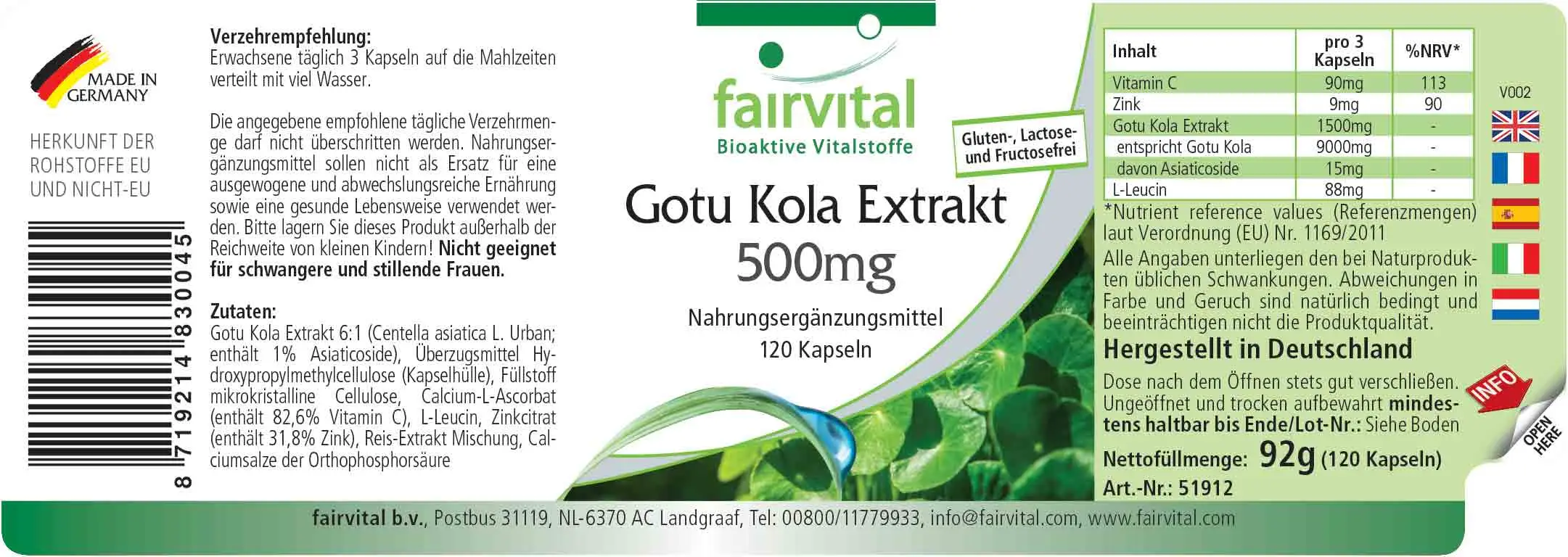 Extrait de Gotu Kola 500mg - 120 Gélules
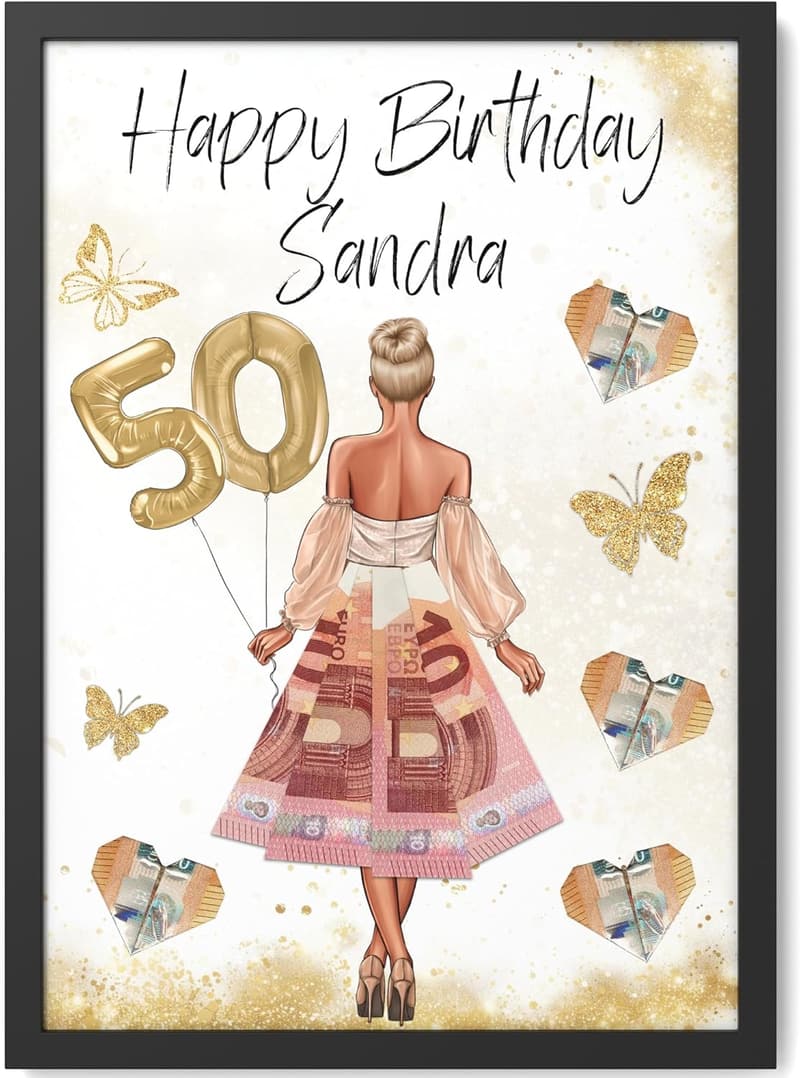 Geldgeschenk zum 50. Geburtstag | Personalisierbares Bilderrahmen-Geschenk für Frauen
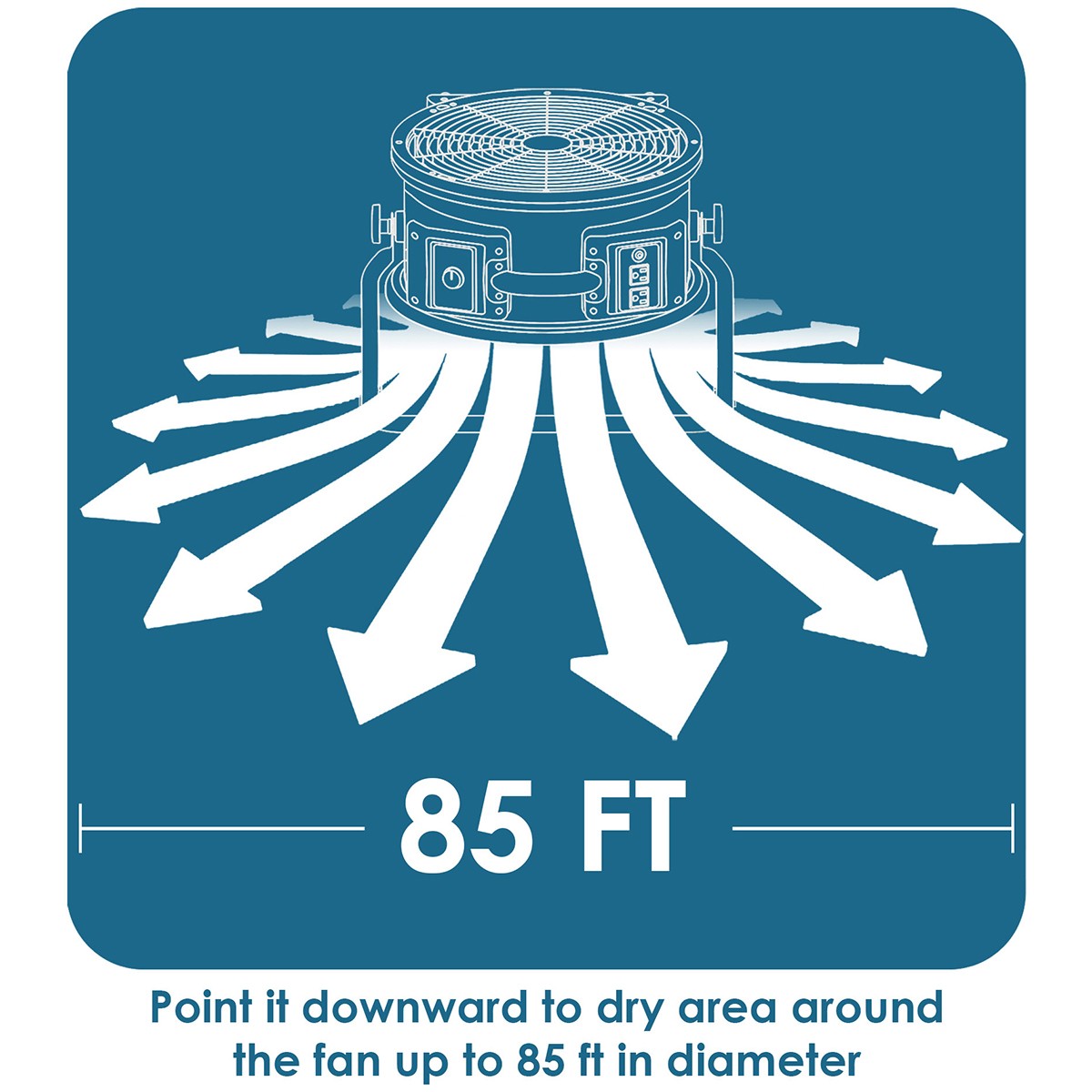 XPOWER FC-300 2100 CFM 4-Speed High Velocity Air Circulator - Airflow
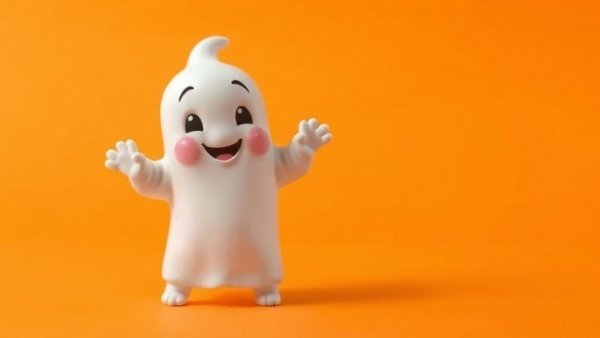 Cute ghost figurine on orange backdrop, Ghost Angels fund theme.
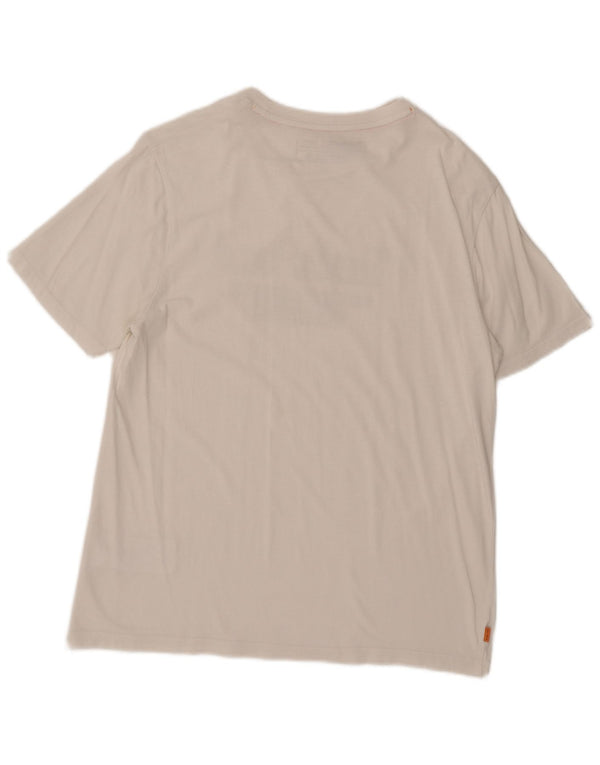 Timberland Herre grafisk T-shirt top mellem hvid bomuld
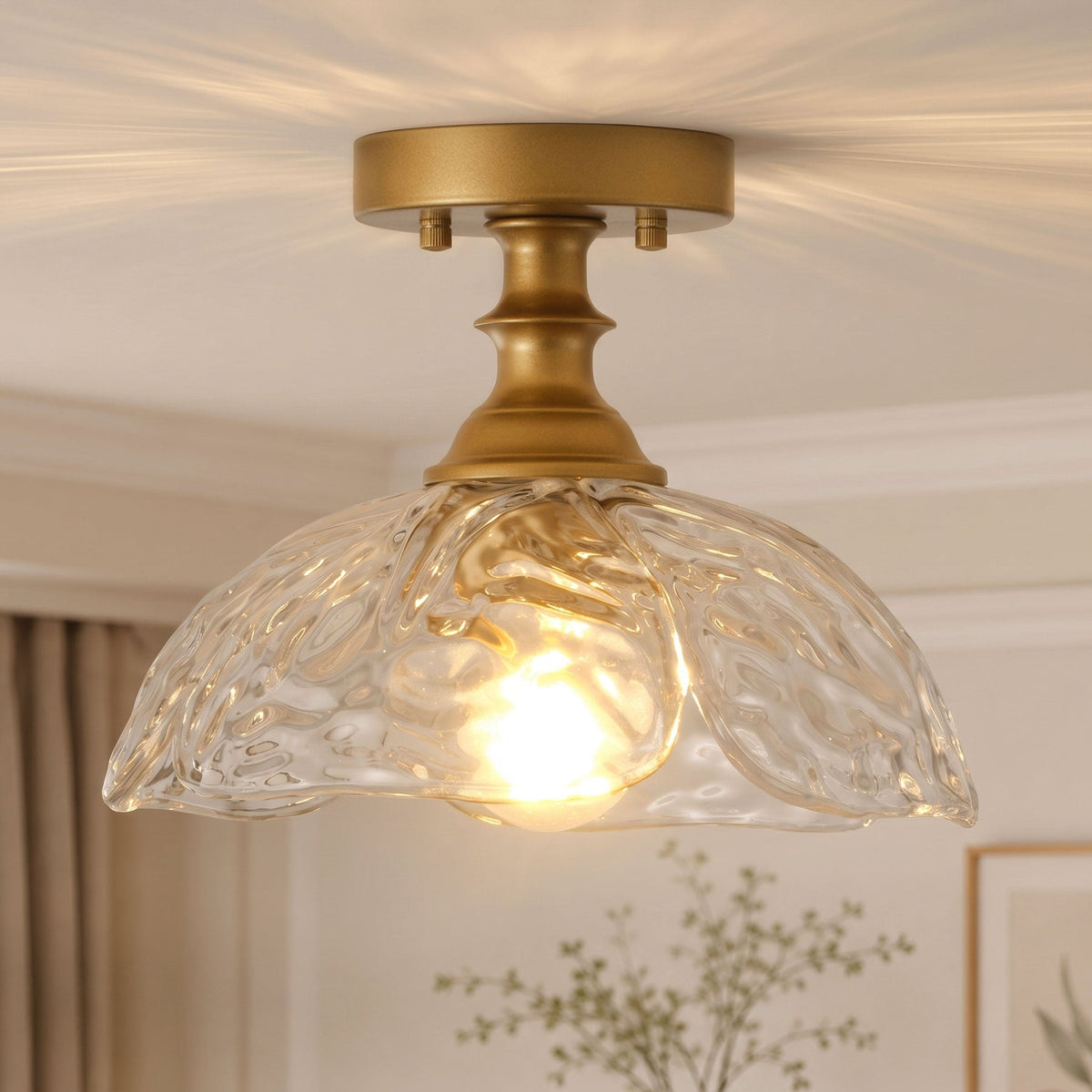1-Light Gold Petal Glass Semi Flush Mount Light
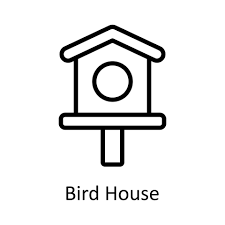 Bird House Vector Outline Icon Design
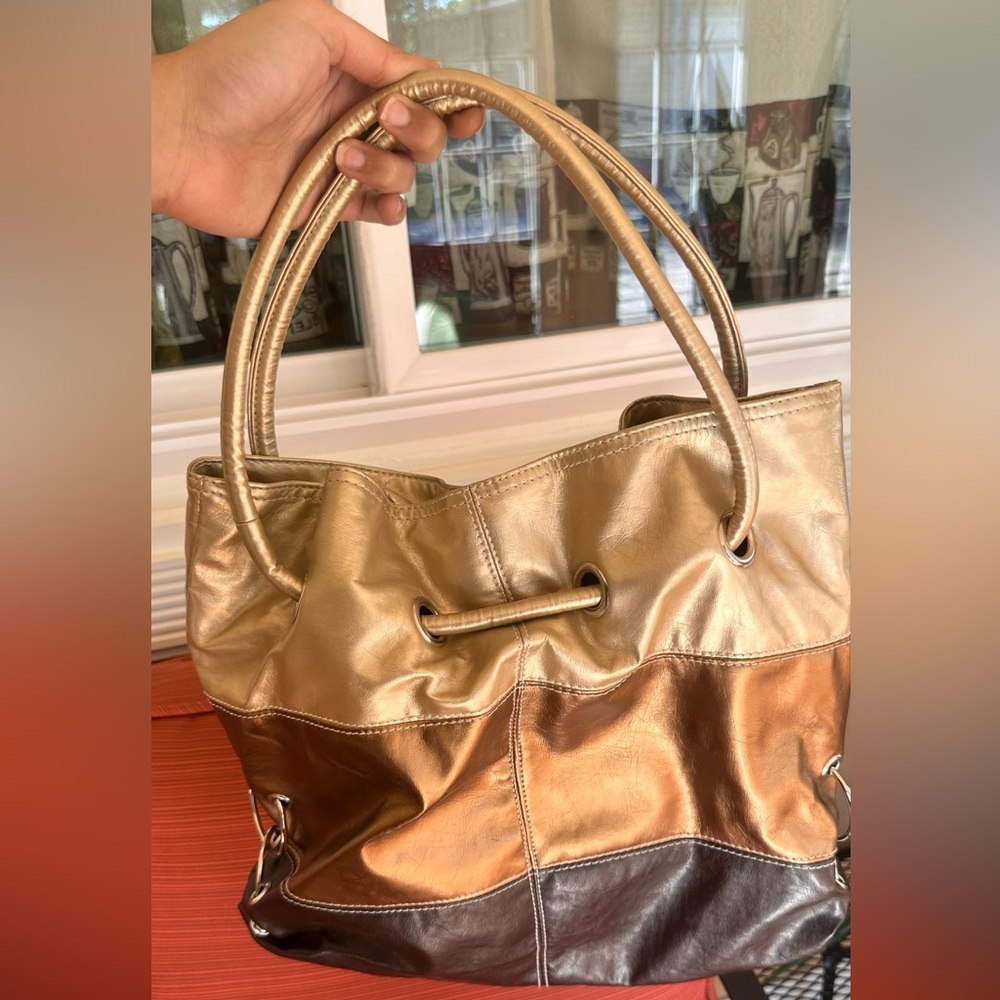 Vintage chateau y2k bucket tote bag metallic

::::::

» **ACTION ITEM**:
Starting at the first line of the records above, set down each line exactly through the one that holds "Bird House Vector Outline Icon Design". Omit pictures.

» **EXERCISE RESULT**:
 Extrait de Gotu Kola 500mg - 120 Gélules
 Geldgeschenk zum 50. Geburtstag | Personalisierbares Bilderrahmen-Geschenk für Frauen
 XPOWER FC-300 2100 CFM 4-Speed High Velocity Air Circulator - Airflow
 Cute ghost figurine on orange backdrop, Ghost Angels fund theme.
 Timberland Herre grafisk T-shirt top mellem hvid bomuld
1-Light Gold Petal Glass Semi Flush Mount Light
 Bird House Vector Outline Icon Design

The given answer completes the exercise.